Susanne Bier's powerful film AFTER THE WEDDING (****) now cements her in my mind as one of the major filmmakers currently working. This is only the second film by her that I have seen (the other being last year's fantastic drama THINGS WE LOST IN THE FIRE) but I know talent when I see it, and Bier's got a ton of it. After finishing AFTER THE WEDDING, I added the rest of her available filmography into my Netflix queue; I can't wait to see what else she's done. AFTER THE WEDDING, which was technically considered a 2006 release but actually made it to U.S. movie screens in March of 2007, was nominated for Best Foreign Language Film in 2007 and I'm not surprised. It's a brilliant, funny, sad, and ultimately touching domestic drama that is frequently unpredictable and overwhelmingly honest in its emotions. The sneaky narrative sometimes makes you feel like the film is about to fly off the rails but it never does. By the end of the film, the script's complexities completely reveal themselves and it's then that you realize how deep the film has cut. Sometimes the phrase "melodrama" can suggest that a film is sappy or cliche, and while the beats and plot points of AFTER THE WEDDING might be considered "melodramatic," the film never teeters over the edge into cheesy sentimentality, which it could have in the hands of a lesser filmmaker. In fact, the way that Bier upends your expectations and toys with the cliches of the "domestic drama" genre is one of the big reasons why AFTER THE WEDDING ends up in the realm of masterpiece.

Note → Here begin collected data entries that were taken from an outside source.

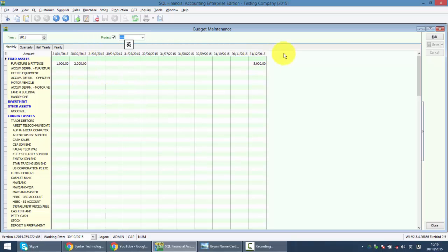What you need to remember is you need to maintain the budget only for monthly basis and the system will auto sum up for you.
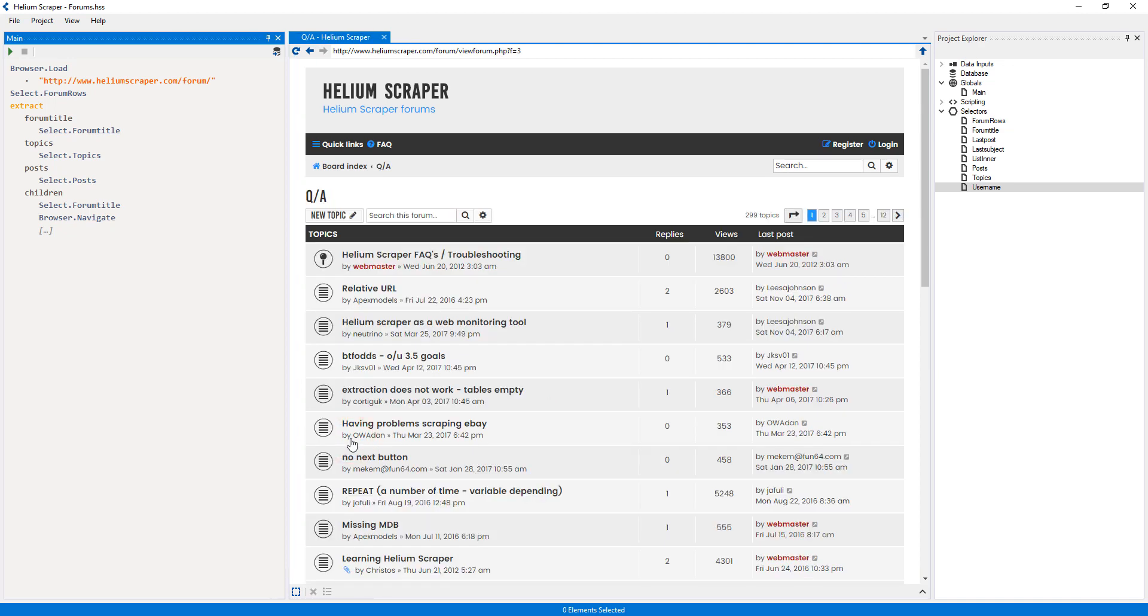At this point, I could add a Paginate action to extract from all pages. But for this tutorial, I will only extract the first page from each subforum.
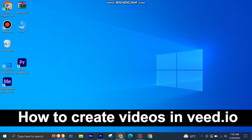Here's how to create videos in Veed.io. It's quite easy and simple to do, but make sure to watch the full video so you don't miss out on any important steps.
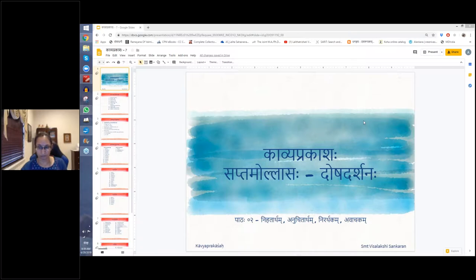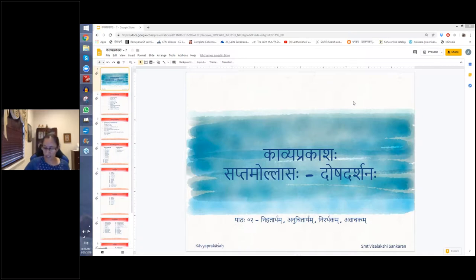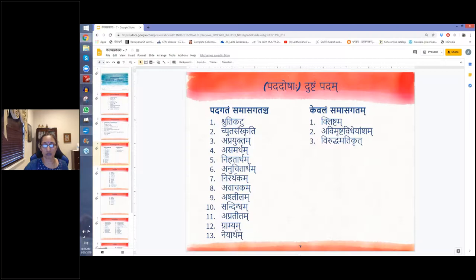There were a couple of questions someone had asked. One is about the word Kada in Shruti Katuttvam. Last class we saw Shruti Katuttvam, Chuta Samskriti, Apra Yuktam and Asamartham. We have to start with Nihat Artham. But before that, let me look at the Shruti Katuttvam question and address that.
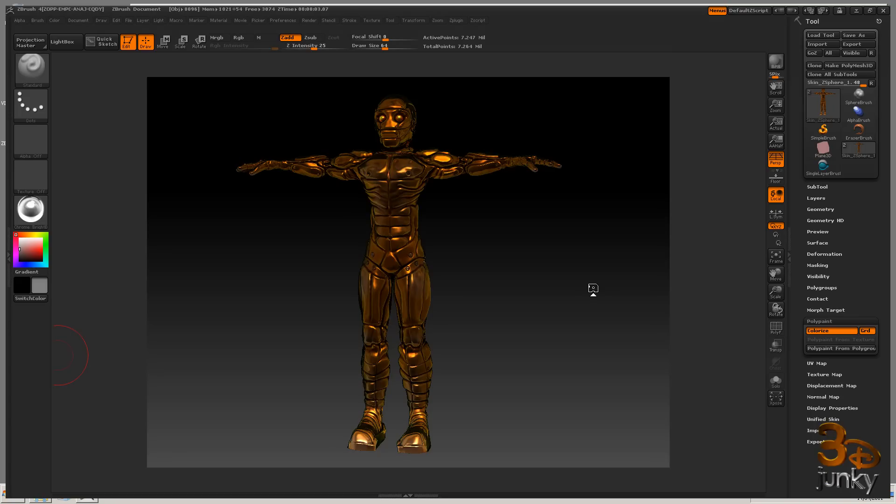Ok, up to this point we haven't had to tackle any UVs or anything like that, but now we've polygrouped the model and we've polypainted it.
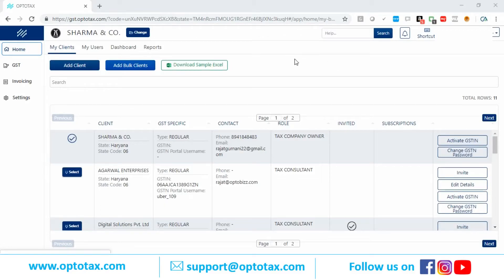Let's see how to file returns in Optotax. This Sharmane company, as you can see on my screen, is my firm.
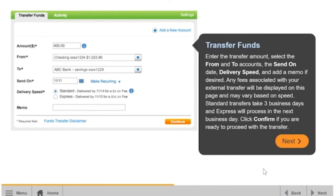Enter the transfer amount, select the From and To accounts, the send-on date, delivery speed, and add a memo if desired. Any fees associated with your external transfer will be displayed on this page and may vary based on speed. Standard transfers take three business days, and express will process on the next business day. Click Confirm if you are ready to proceed with the transfer.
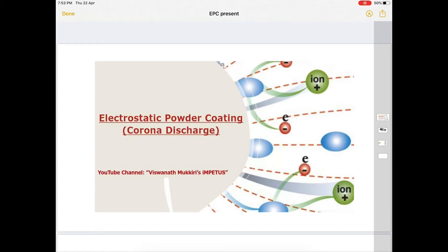Hello everyone. I am going to explain electrostatic powder coating and its corona discharge mechanism. Before moving into that, I would like to give you a brief introduction about electrostatic powder coating. Electrostatic powder coating is widely used in various types of industries. In this video I will confine myself to the underground pipeline coating industry.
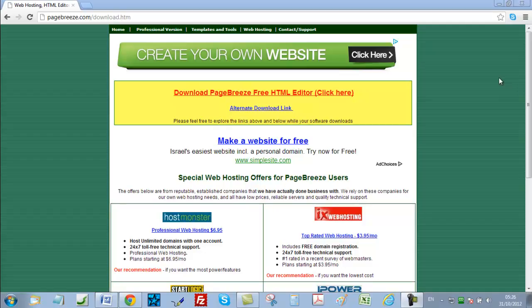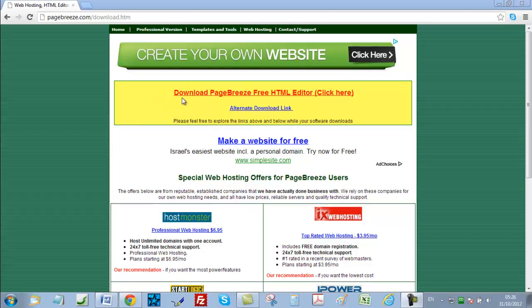So just go to this webpage here at pagebreeze.com/download.htm and then press enter. Then just click on the download PageBreeze free HTML editor, click here, click on this link.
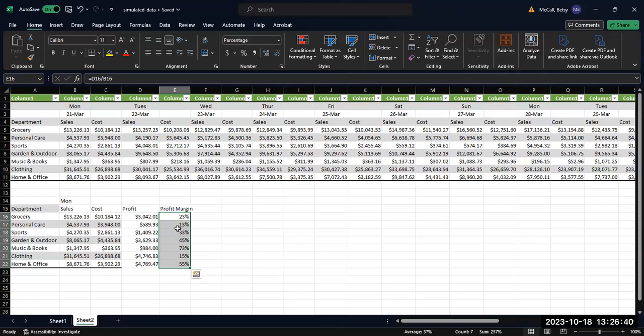All right. So that's some formatting that we can do for our table. The next video, we'll talk about reorganizing and then building the line graph.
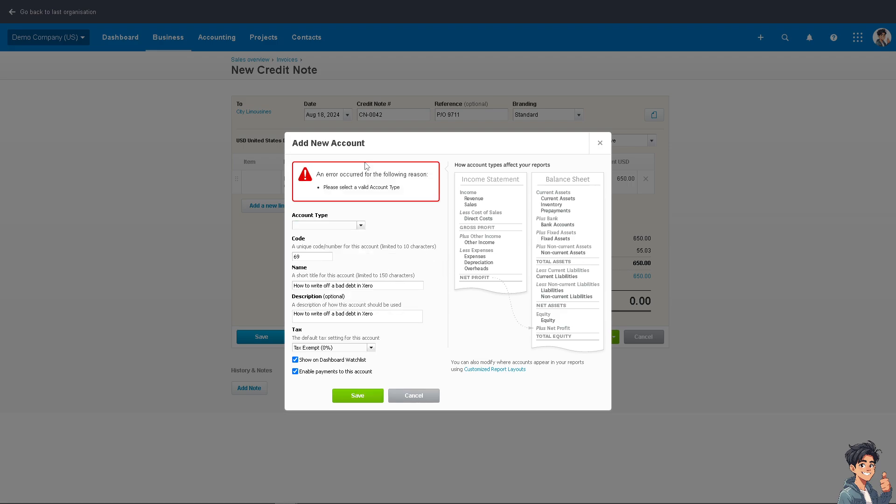All right, so if there's going to be an error such as this one, don't worry because you just have to create a new account that will follow off writing the bad debt. Because doing so will accurately show your financial records, including management, and of course it simplifies your accounting by ensuring that all of your accounts receivable only includes the amounts that are expected to be collected.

Working with co-screenwriter Anders Thomas Jensen, Bier's story pivots on a Danish man named Jacob (the great Mads Mikkelsen), who's working in India at a children's orphanage that's desperately in need of financial help. He receives word from Denmark (he hasn't been back in almost 20 years) that a billionaire businessman named Jorgen (Rolf Laasgard, in a tour de force performance) is interested in donating a sizable sum of money to Jacob's orphanage. Jacob heads back to his homeland and meets with Jorgen, showing him a video of how poor the kids are in India. Jorgen seems like he's ready to commit to helping, but he tells Jacob that he needs some more time to figure out if the orphanage is the charitable cause that he'd like to help. Jorgen then unexpectedly invites Jacob to his daughter's wedding, which is set to happen the very next day. Jacob reluctantly accepts the invite and the next day, shows up at Jorgen's palatial estate for the ceremony. Once there, Jacob recognizes a pretty woman named Helene (Sidse Babett Knudsen, very strong), who happens to be married to Jorgen. And, as the title suggests, some interesting things occur after the wedding. From here, I am hesitant to divulge any more plot information. AFTER THE WEDDING constantly surprised me with the direction of its story and I could never have predicted how it would all turn out, even though the pieces were right in front of me.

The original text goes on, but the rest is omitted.